# Transform Pandas DF to Verseagility-JSON

- Give a pandas dataframe as input with the columns "label" and "text" to bring it in the correct JSON-format
- Just keep the other dummy variables as they are to make sure the data stays valid. You can just remove the question/answering component from your case file, so that this part does not get trained
- You can also change the values for url, date etc. if you have a respective column in your dataset

In [None]:
# Import packages
import pandas as pd
import uuid
import json
import logging

In [None]:
# Change this to your format respectively
fname = 'file.csv'
df = pd.read_csv(fname, sep="\t", encoding="utf-8")

In [None]:
def transform_json(df, language, chunk=0):
    fname = f"output-{language}-train-{chunk}.json"
    with open(fname, "w", encoding='utf-8') as file:
        file.write("[")
    k = 0
    for index, row in df.iterrows():
        fileid = row['id']
        q_views = row['views']
        q_tags = row['appliesTo']
        url = row['url']
        lang = language

        # PACK Q JSON
        question = {}
        question['title'] = row['question.title']
        question['author'] = row['question.author']
        question['createdAt'] = row['question.createdAt']
        question['text'] = row['question.text']
        question['upvotes'] = int(row['question.upvotes'])

        # PACK A JSON
        answer = {}
        answer['markedAsAnswer'] = str(row['answer.markedAsAnswer'])
        answer['createdAt'] = row['answer.createdAt']
        answer['text'] = row['answer.text']
        answer['upvotes'] = int(row['answer.upvotes'])

        # PACK JSON
        data = {'question': question, 'id': fileid, 'views': q_views, 'appliesTo': q_tags, 'url': url, 'language': lang, 'answer': answer}
        content = json.dumps(data, indent=4, separators=(',', ': '), ensure_ascii=False)

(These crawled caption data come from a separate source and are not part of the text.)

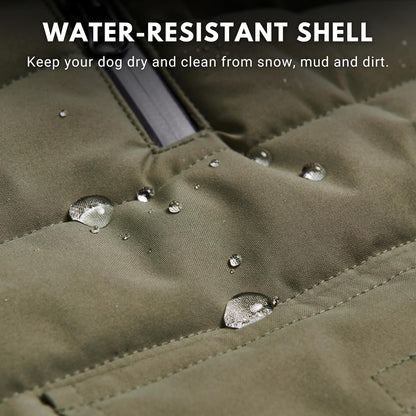 Spark Paws Dog Winter Jacket, Water-Resistant Coat, Warm Reflective Windproof Fleece-Interior, for Medium and Large Dogs - Olive - XL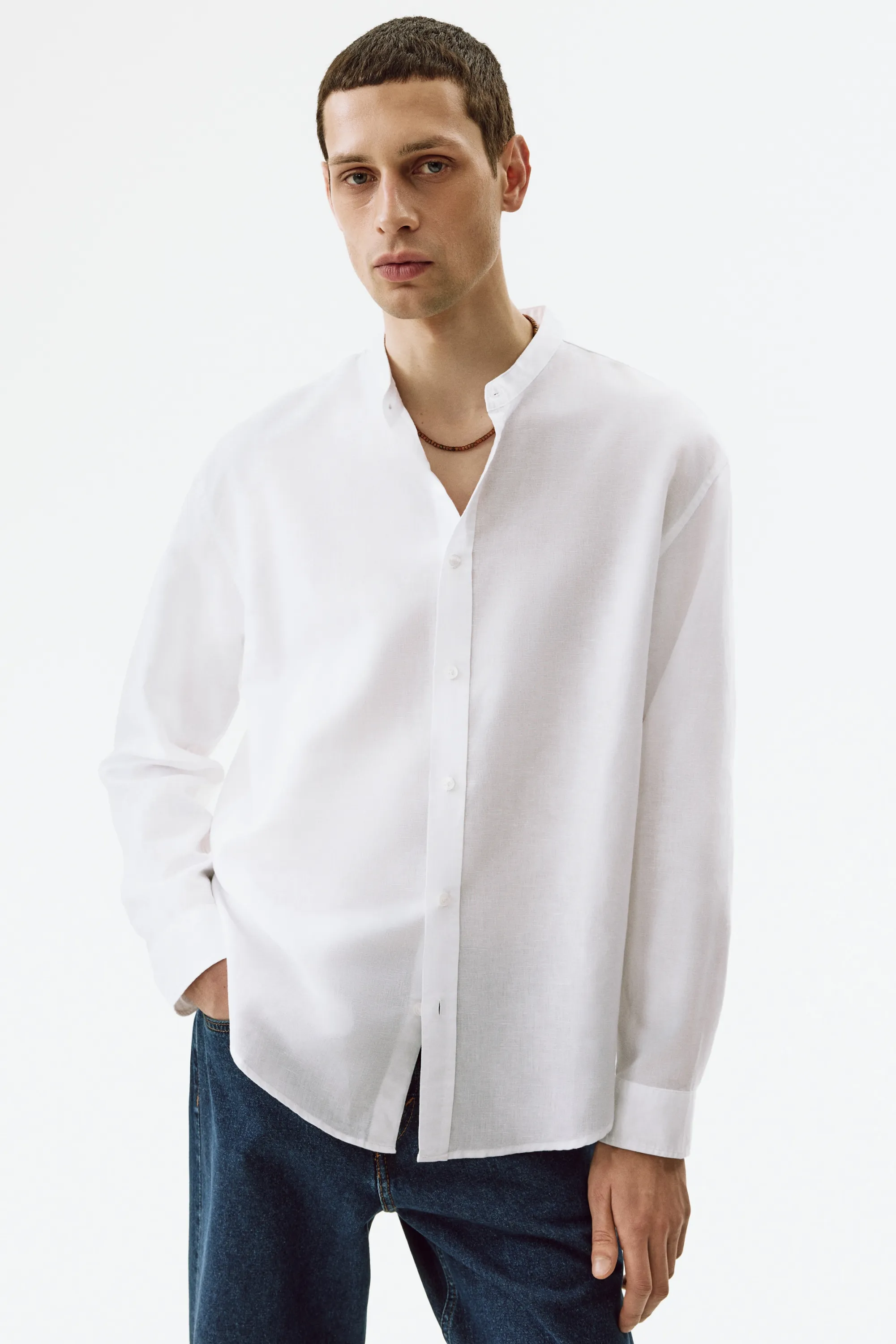 Chemise Relaxed Fit en lin mélangé - Blanc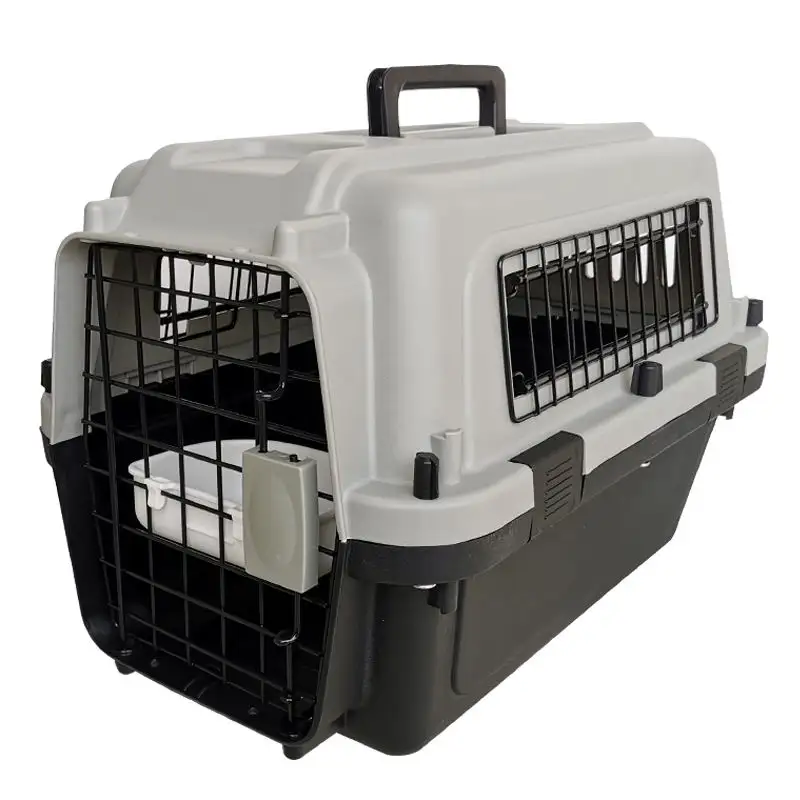 חברת תעופה מפלסטיק מאושרת כלב תחבורה תיבת חיות מחמד כלובים שקית נושאת נסיעות ארגזים kennel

        # WRITE TO JSON FILE
        with open(fname, "a", encoding='utf-8') as file:
            if k == len(df) - 1: # cannot take index as it is read chunk-wise and therefore misleading
                file.write(content + "]")
            else:
                file.write(content + ",")
        k = k + 1
    try:
        with open(fname) as f:
            json.load(f)
        logging.info(f'[INFO] - File {fname} is valid!')
    except Exception as e:
        logging.error(f'File {fname} seems to be invalid -> {e}.')
    logging.info(f"[SUCCESS] - File {chunk} -> {k} / {len(df)}")

In [None]:
# Initiate the transformation, if you want to transform the data set. Do this if you have less than 10.000 documents in your dataset
transform_json(df, "en-us")

# Chunk the data sets
## Please note:
- For training data corpora larger than 10.000 documents, we recommend to upload them chunk-wise to the BLOB-storage, otherwise it might come to bottlenecks in the document processor function
    - Íf you have less than 10.000 documents, you may go ahead and simply upload the file to the BLOB storage using the Azure Storage Explorer
- The following section helps you to read a large file and split it into chunks
- Below, there is a script to upload them one-by-one while having a break for five minutes to unload the pipeline

In [None]:
def get_chunks(lang, language):
    print(f'[INFO] - Start reading data chunks for {lang}.')
    i = 0
    for _ in pd.read_csv(f'data_{lang}.txt', sep="\t", encoding='utf-8', chunksize=5000):
        transform_json(_, language, i)
        i = i + 1

In [None]:
get_chunks(lang, language)

# Copy to BLOB
- Upload all the files of the export folder to the BLOB storage

In [None]:
from azure.storage.blob import BlobServiceClient, BlobClient, ContainerClient, ContentSettings
from datetime import datetime
import time
import logging
import pandas as pd

In [None]:
def copy_to_blob(local_file_path, blobstring, container):
    # Create a blob client using the local file name as the name for the blob
    logging.info(f'[INFO] - Initiating upload to BLOB-storage.')
    blob_service_client = BlobServiceClient.from_connection_string(blobstring)
    logging.info(f'[INFO] - Built connection to BLOB storage.')
    for path, subdirs, files in os.walk(local_file_path):
        for name in files:
            try:
                path_full = os.path.join(path, name)
                path_blob = os.path.join(path, name).replace(local_file_path, "")
                logging.info(f'[UPLOAD - {datetime.now()}] - Uploading to Azure Storage as BLOB: {path_blob}.')
                blob_client = blob_service_client.get_blob_client(container=container, blob=path_blob)
                # Upload the created file
                with open(path_full, "rb") as data:
                    blob_client.upload_blob(data, content_settings=ContentSettings(content_type='application/json'))
                logging.info(f'[INFO - {datetime.now()}] - Upload completed, sleeping for 10 minutes ... zZz ...')
                time.sleep(600)
            except Exception as e:
                logging.error(f'[STATUS - {datetime.now()}] - Copy to BLOB failed -> {e}.')
    logging.info(f'[STATUS - {datetime.now()}] - Successfully uploaded to BLOB.')

In [None]:
blobstring = "DefaultEndpointsProtocol=https;AccountName=###getyourblobstringhere###;AccountKey=###getyourkeyhere###;EndpointSuffix=core.windows.net"

In [None]:
copy_to_blob(f"export-{lang}/", blobstring, "data")